Come se questo non vendesse già un biglietto, fidati che la visione sognante di Fast sull’amicizia, la stranezza e l’occulto è un’esperienza singolare. “Camp”, ora nei cinema tramite Dark Sky Films, segue Emily (Zola Grimmer), che inizia a lavorare come consulente in un campo remoto per bambini che affrontano diversi tipi di traumi, proprio come lei. Una volta lì, Emily lega con altri quattro consulenti – interpretati da Alice Wordsworth, Cherry Moore, Lea Rose Sebastianis ed Ella Reece – che iniziano a esplorare insieme la loro realtà stregata.
Dire di più significherebbe rovinare gli straordinari dettagli contenuti all’interno, le cui idee, secondo Fast, si sono formate nel corso degli anni.
“È una benedizione e una maledizione che il modo in cui elaboro i miei sentimenti sia condividerli con il mondo”, afferma Fast. “Da bambino, realizzare cortometraggi era più una questione di curiosità e creatività, mentre invecchiando, diventa più una questione di condivisione ed essere capito. Mi sono ritrovato un po’ a corto di parole quando parlo di ‘Camp’, e forse l’ho ritrovato con tutto quello che ho realizzato. Il modo migliore in cui riesco a condividere me stesso e sentirmi capito è metterlo in un film. Forse è un po’ cliché, ma è così che ci si sente.”
“Camp” è il secondo lungometraggio di Fast, dopo “Honeycomb” del 2022, e ha fatto colpo ai festival, inclusa la vittoria del premio Next Wave al Fantastic Fest dello scorso anno.

Avalon veloce
Foto di cortesia
Per un film così audace, gran parte della complessità emotiva ricade sulle spalle del cast. Fast dice che, al di là del casting, gli attori sono riusciti a creare legami nella vita reale da portare nel film.

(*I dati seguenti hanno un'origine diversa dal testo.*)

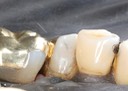 Kyle Chock #20 buccal view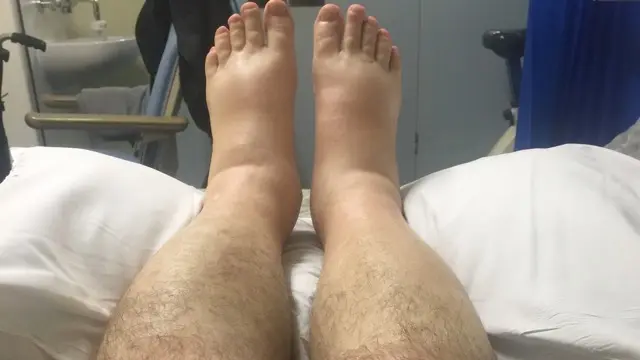 Both lower legs and feet lying on a bed, with visibly puffy ankles and feet and pillows on either side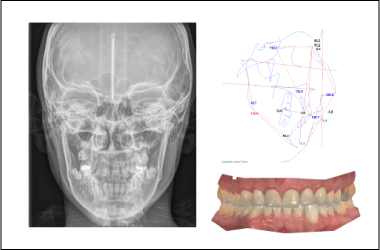 centro radiología oral en Bogotá: Tomografía dental, Rx Panorámica oral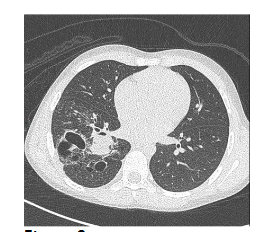 Fig 2. Computed tomography of the patient in Figure 1, three months later. Congenital pulmonary malformations with large and small cystic areas of hyperinflation. No systemic irrigation was observed.
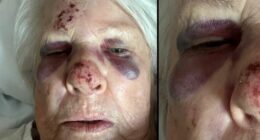 A﻿n eldery woman has been left brusied and with a brain bleed after she was hit by a child on an e-bike.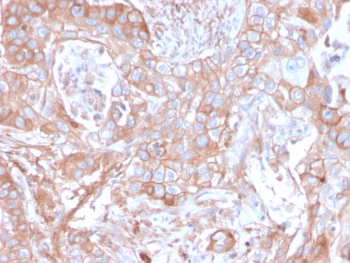 IHC staining of FFPE human colon carcinoma with CD73 antibody (clone NT5E/2505). HIER: boil tissue sections in pH9 10mM Tris with 1mM EDTA for 10-20 min and allow to cool before testing.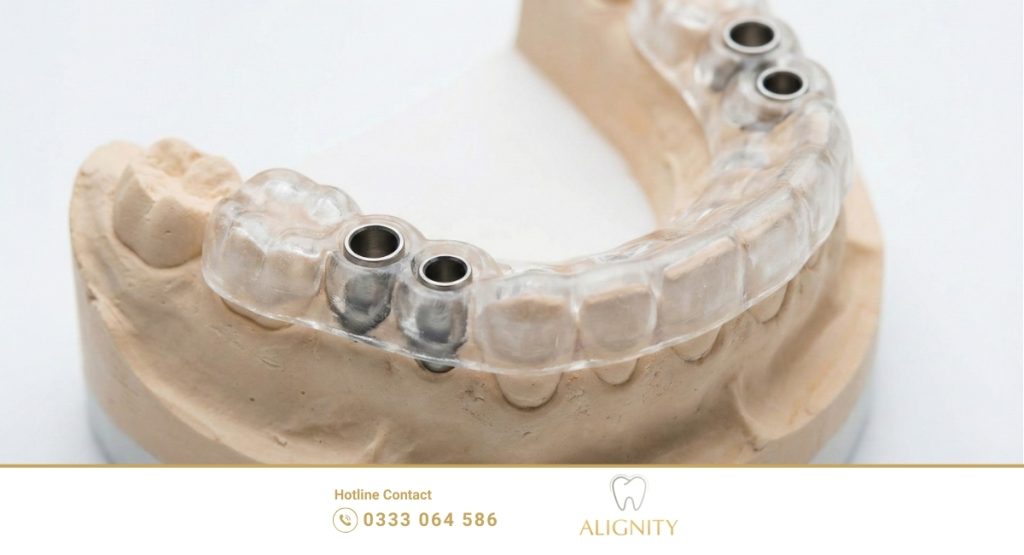 Implant kỹ thuật số: 5 Lợi thế vượt trội so với truyền thống 2 Máng hướng dẫn phẫu thuật in 3D dùng trong cấy ghép implant kỹ thuật số.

“Alcuni di questi attori erano persone che avevo conosciuto prima, e per alcuni abbiamo scelto un mese dopo le riprese”, dice Fast. “Incroci le dita e speri che funzioni, e così è stato. Mi sono sentito un po’ distaccato dalle loro cose, il che penso fosse bello. Le ragazze trascorrevano tutte del tempo insieme e io ero davvero impegnata. Ma ricordo che le guardavo fare le loro cose, anche nei nostri giorni liberi, e operavano come questa unità. Sembrava una sorta di manifestazione.”
Centrale è stata anche la ripresa eterea e surreale del film, per gentile concessione del direttore della fotografia Eily Sprungman. Fast afferma che la loro storia condivisa ha funzionato come una scorciatoia per evocare le immagini, molte delle quali sono state tratte dal luogo delle riprese nella foresta di Alberta, in Canada.
“Siamo cresciuti molto vicini gli uni agli altri e il luogo in cui siamo cresciuti, la terra su cui siamo cresciuti, la sua sacralità e la magia che era lì, erano qualcosa di veramente importante per questa storia”, afferma il regista canadese. “Era uno dei motivi principali per cui volevo lavorare con lei, perché sapevo che lo capiva. La più grande ispirazione viene da quella comprensione. E poi, abbiamo fatto riferimento ad alcune inquadrature direttamente dall’arte rinascimentale. C’è un grande riferimento a Ofelia nel film, ed è stato davvero divertente. Era, ‘OK, qui abbiamo le risorse per realizzare configurazioni di illuminazione più grandi. Diventiamo creativi.’ Ma penso che il tono davvero profondo di “Camp” derivi da quella comprensione della casa, da dove veniamo e da quegli ambienti”.
Per quanto riguarda i prossimi progetti, Fast spera di mantenere le cose inquietanti ma di ramificarsi in direzioni diverse.
“Il prossimo progetto che voglio realizzare riguarda un ragazzo”, afferma Fast. “Sono stata così concentrata nel raccontare storie sulle ragazze, quindi voglio espandermi un po’ e mettermi alla prova. E poi mi sento come se avessi un altro film cult horror per ragazze dentro di me per completare questa idea, questa domanda che mi sono posta. Quindi un po’ della stessa roba, e poi qualcosa di completamente diverso.”
Guarda il trailer di “Camp” qui sotto.